President Biden on Thursday will announce initial steps his administration plans to take on firearm safety, along with the nomination of a prominent gun safety advocate to lead the Bureau of Alcohol, Tobacco, Firearms and Explosives. The moves, which were previewed Wednesday evening by a senior administration official, come after recent high-profile mass shootings put added pressure on Biden to act on gun violence.
Parts of Northern Ireland saw their sixth consecutive night of violence Wednesday as unionists and nationalists clashed with police and each other. Unrest first broke out last week amid rising tensions relating to Brexit and unionist anger over a decision by police not to prosecute leaders of the Irish nationalist party Sinn Fein for allegedly breaking coronavirus restrictions during the funeral of a former leading IRA figure.
The health of jailed Kremlin critic Alexei Navalny is deteriorating and he is beginning to lose sensation in his legs and hands, his lawyer says. Vadim Kobzev said Navalny, who has been sent to a penal colony for two and a half years, had been diagnosed with two spinal hernias. Last week, Navalny started a hunger strike to demand proper treatment for acute back and leg pain.

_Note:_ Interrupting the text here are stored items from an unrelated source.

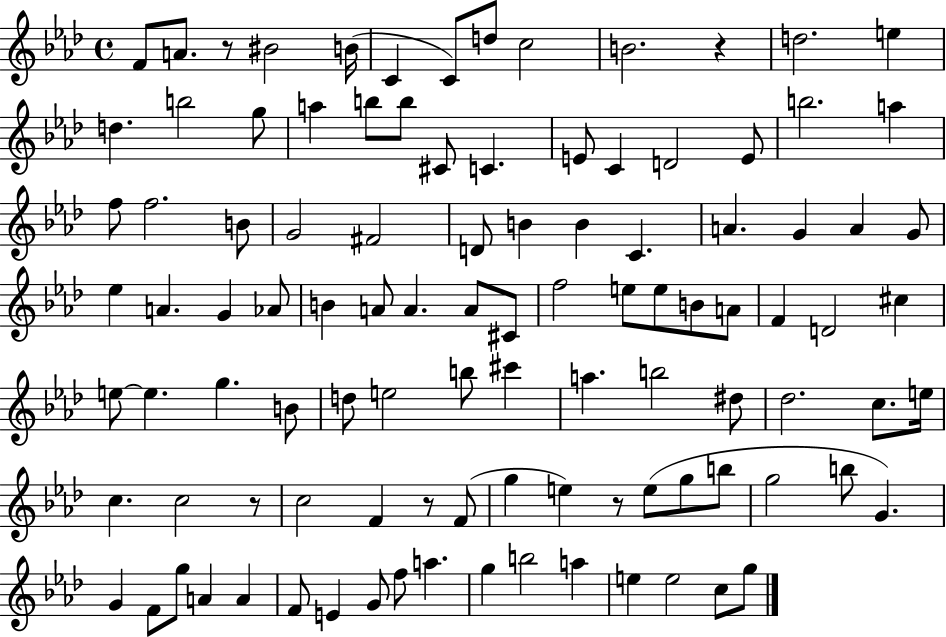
X:1
T:Untitled
M:4/4
L:1/4
K:Ab
F/2 A/2 z/2 ^B2 B/4 C C/2 d/2 c2 B2 z d2 e d b2 g/2 a b/2 b/2 ^C/2 C E/2 C D2 E/2 b2 a f/2 f2 B/2 G2 ^F2 D/2 B B C A G A G/2 _e A G _A/2 B A/2 A A/2 ^C/2 f2 e/2 e/2 B/2 A/2 F D2 ^c e/2 e g B/2 d/2 e2 b/2 ^c' a b2 ^d/2 _d2 c/2 e/4 c c2 z/2 c2 F z/2 F/2 g e z/2 e/2 g/2 b/2 g2 b/2 G G F/2 g/2 A A F/2 E G/2 f/2 a g b2 a e e2 c/2 g/2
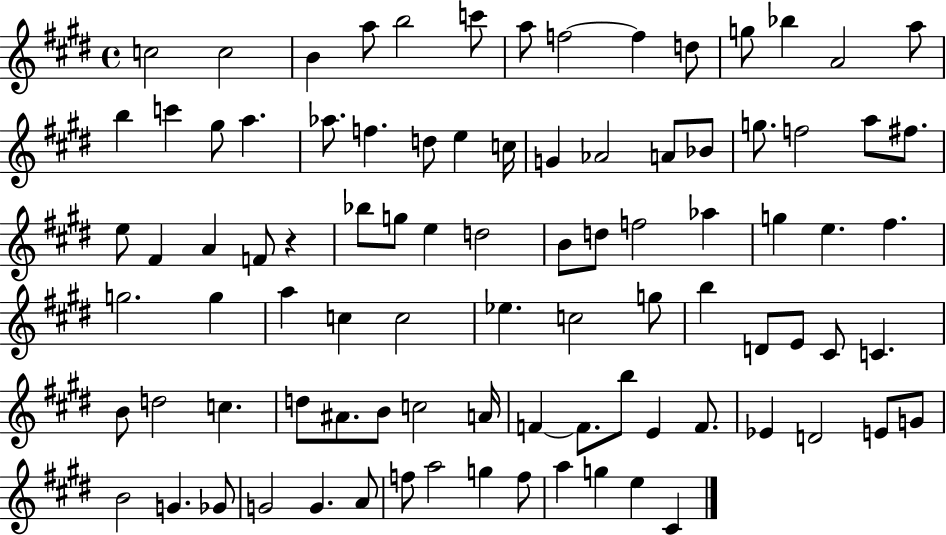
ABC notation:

X:1
T:Untitled
M:4/4
L:1/4
K:E
c2 c2 B a/2 b2 c'/2 a/2 f2 f d/2 g/2 _b A2 a/2 b c' ^g/2 a _a/2 f d/2 e c/4 G _A2 A/2 _B/2 g/2 f2 a/2 ^f/2 e/2 ^F A F/2 z _b/2 g/2 e d2 B/2 d/2 f2 _a g e ^f g2 g a c c2 _e c2 g/2 b D/2 E/2 ^C/2 C B/2 d2 c d/2 ^A/2 B/2 c2 A/4 F F/2 b/2 E F/2 _E D2 E/2 G/2 B2 G _G/2 G2 G A/2 f/2 a2 g f/2 a g e ^C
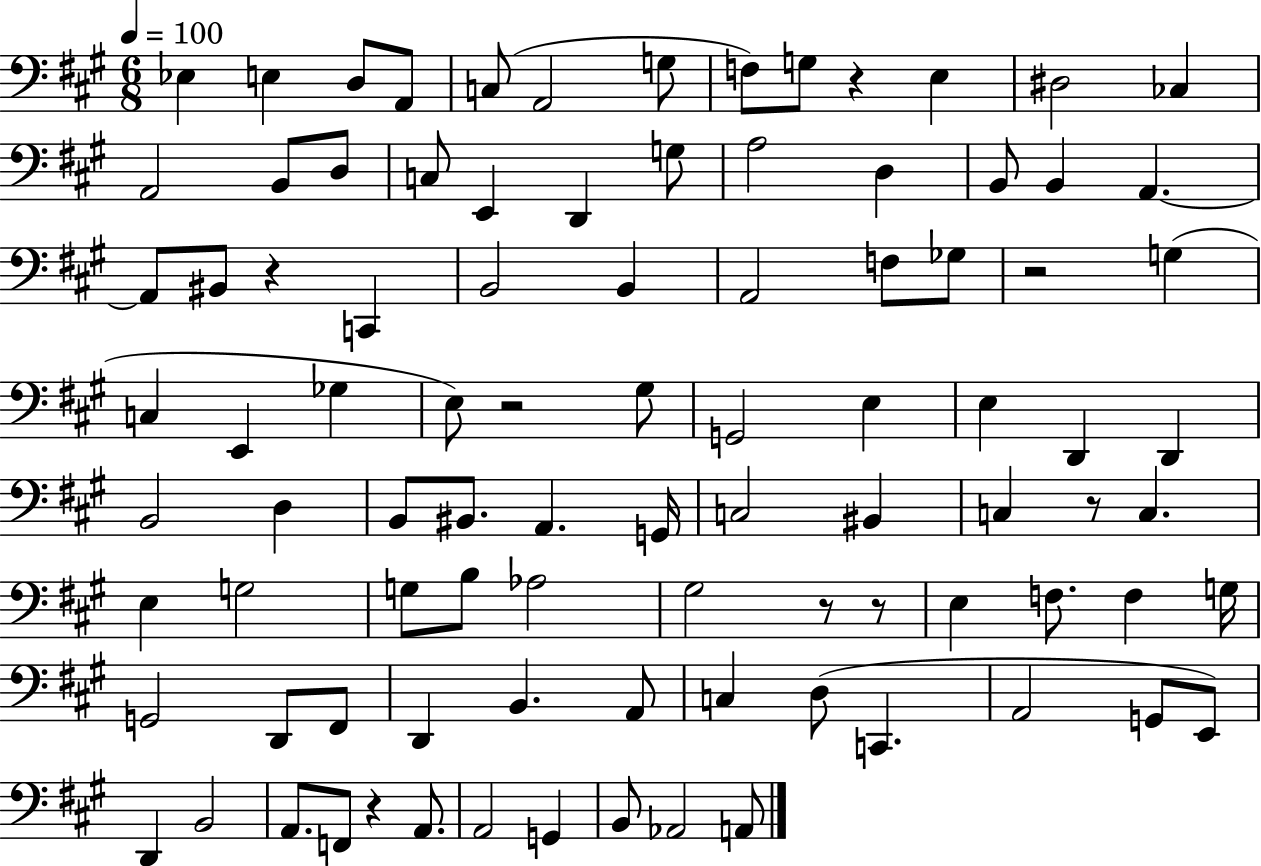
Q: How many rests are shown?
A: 8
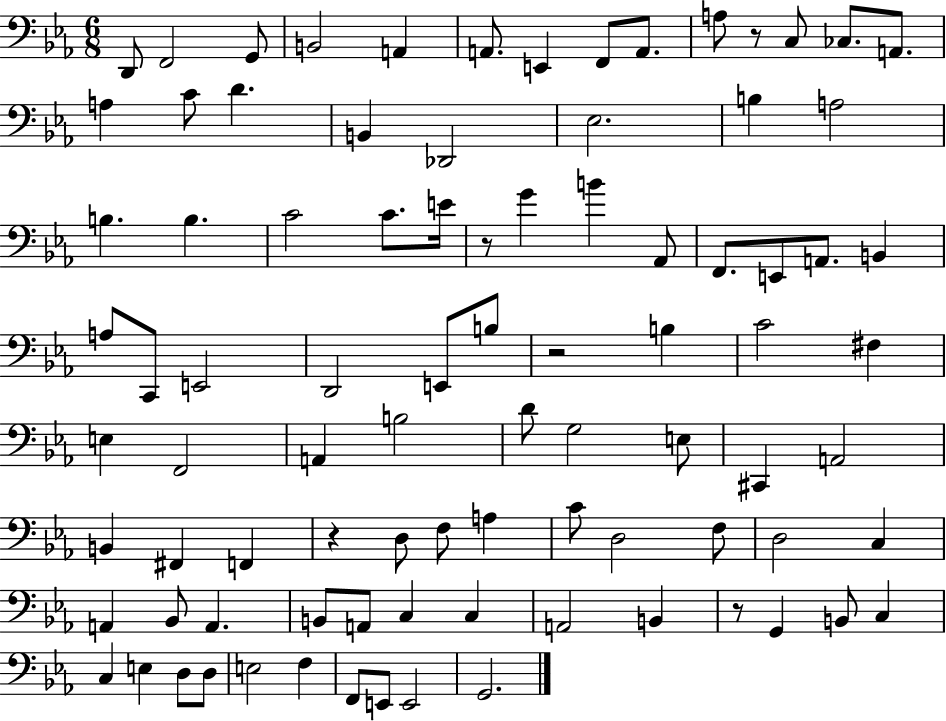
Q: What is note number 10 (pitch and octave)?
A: A3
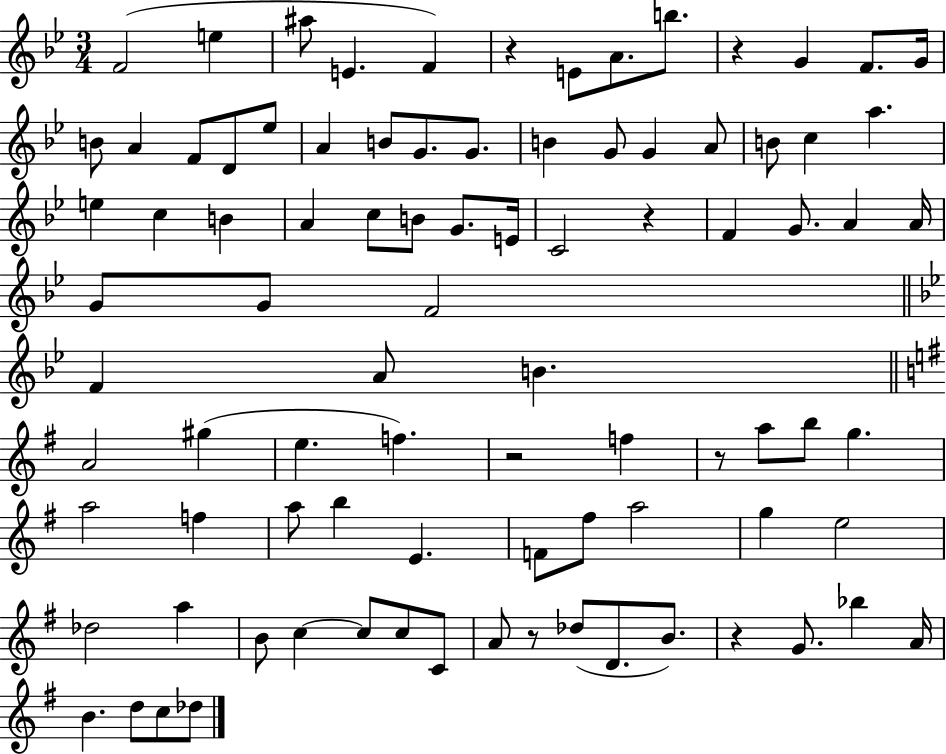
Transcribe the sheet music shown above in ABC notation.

X:1
T:Untitled
M:3/4
L:1/4
K:Bb
F2 e ^a/2 E F z E/2 A/2 b/2 z G F/2 G/4 B/2 A F/2 D/2 _e/2 A B/2 G/2 G/2 B G/2 G A/2 B/2 c a e c B A c/2 B/2 G/2 E/4 C2 z F G/2 A A/4 G/2 G/2 F2 F A/2 B A2 ^g e f z2 f z/2 a/2 b/2 g a2 f a/2 b E F/2 ^f/2 a2 g e2 _d2 a B/2 c c/2 c/2 C/2 A/2 z/2 _d/2 D/2 B/2 z G/2 _b A/4 B d/2 c/2 _d/2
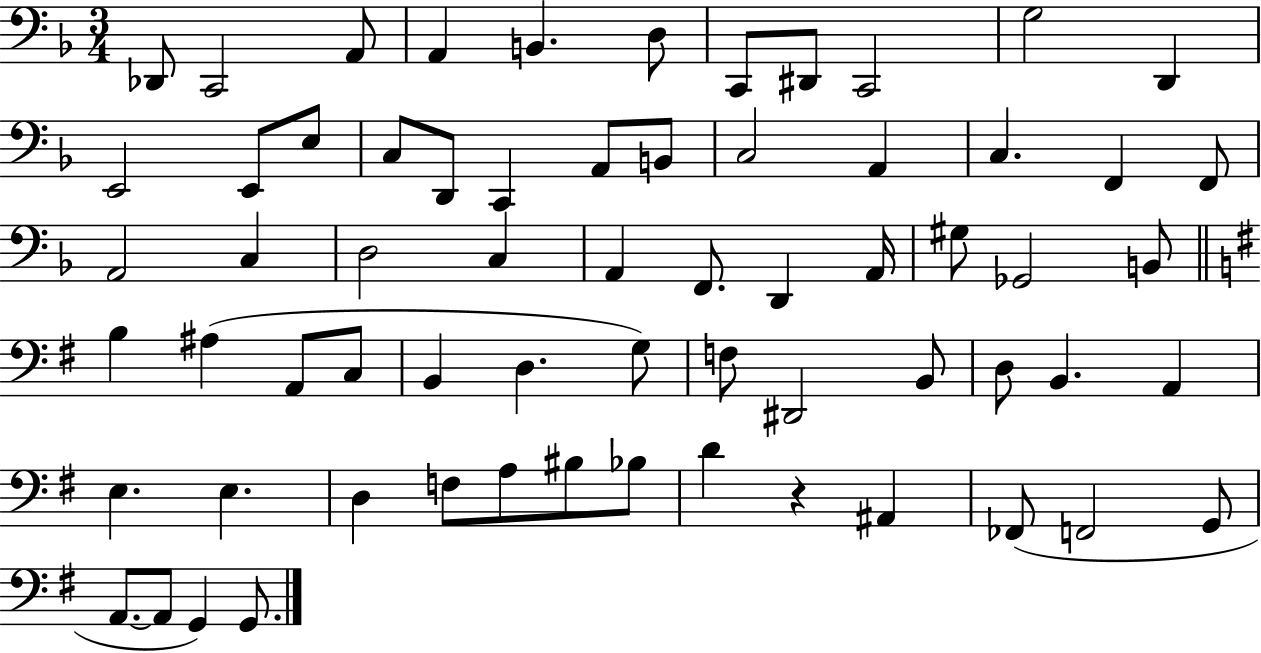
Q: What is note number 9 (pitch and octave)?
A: C2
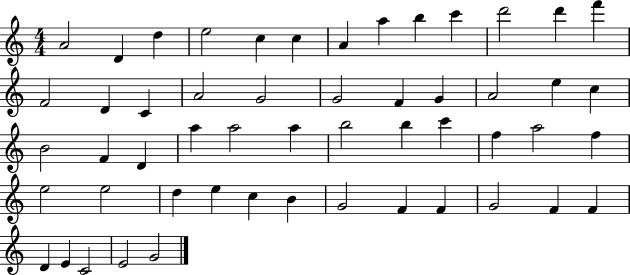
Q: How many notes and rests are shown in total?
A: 53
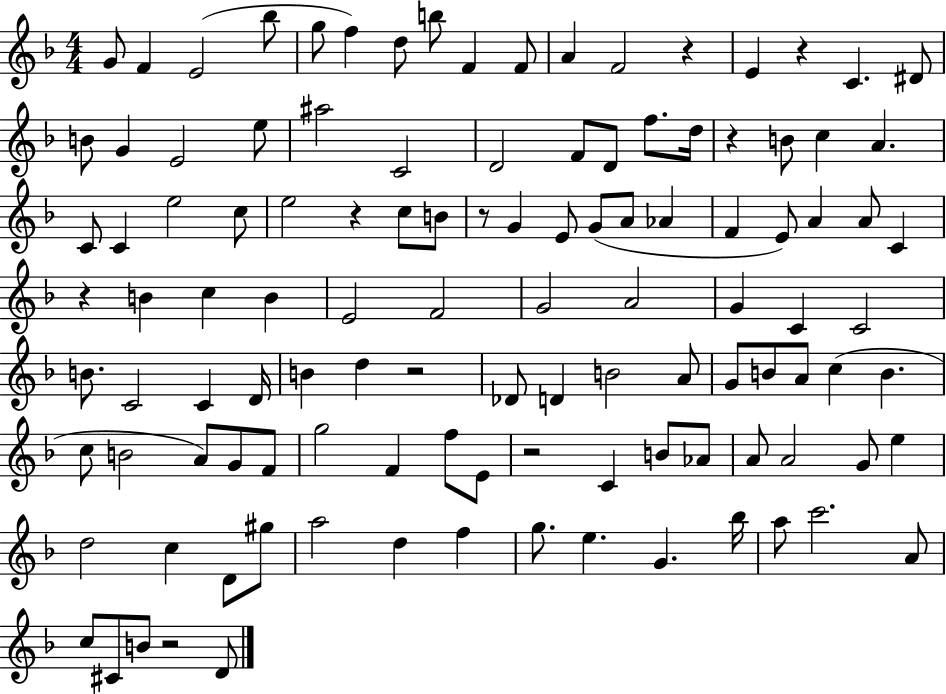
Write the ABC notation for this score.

X:1
T:Untitled
M:4/4
L:1/4
K:F
G/2 F E2 _b/2 g/2 f d/2 b/2 F F/2 A F2 z E z C ^D/2 B/2 G E2 e/2 ^a2 C2 D2 F/2 D/2 f/2 d/4 z B/2 c A C/2 C e2 c/2 e2 z c/2 B/2 z/2 G E/2 G/2 A/2 _A F E/2 A A/2 C z B c B E2 F2 G2 A2 G C C2 B/2 C2 C D/4 B d z2 _D/2 D B2 A/2 G/2 B/2 A/2 c B c/2 B2 A/2 G/2 F/2 g2 F f/2 E/2 z2 C B/2 _A/2 A/2 A2 G/2 e d2 c D/2 ^g/2 a2 d f g/2 e G _b/4 a/2 c'2 A/2 c/2 ^C/2 B/2 z2 D/2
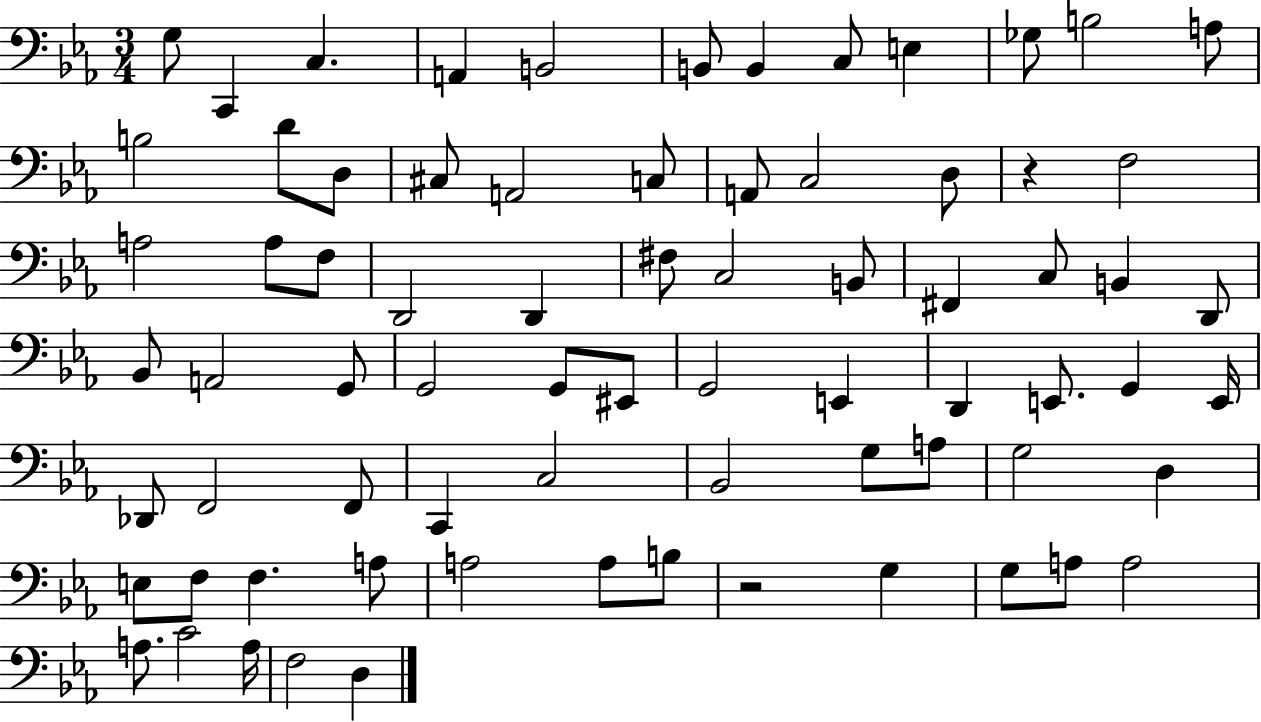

Emmanuel Macron is expected to officially announce on Thursday the closure of the École Nationale d’Administration, the elite French finishing school for the country’s leaders where he studied. Founded by Gen Charles de Gaulle in October 1945 with the idea of breaking the upper-class hold over France’s higher echelons, it has instead become a byword for an establishment elite that critics have accused it of encouraging groupthink.
The United States and Iraq said Wednesday that they have agreed on the eventual withdrawal of U.S. combat troops from Iraq. In a joint statement following a round of talks between U.S. and Iraqi officials, the two governments said the mission of U.S. forces was now focused on training Iraqi troops to fight the Islamic State terrorist group, also known as ISIS.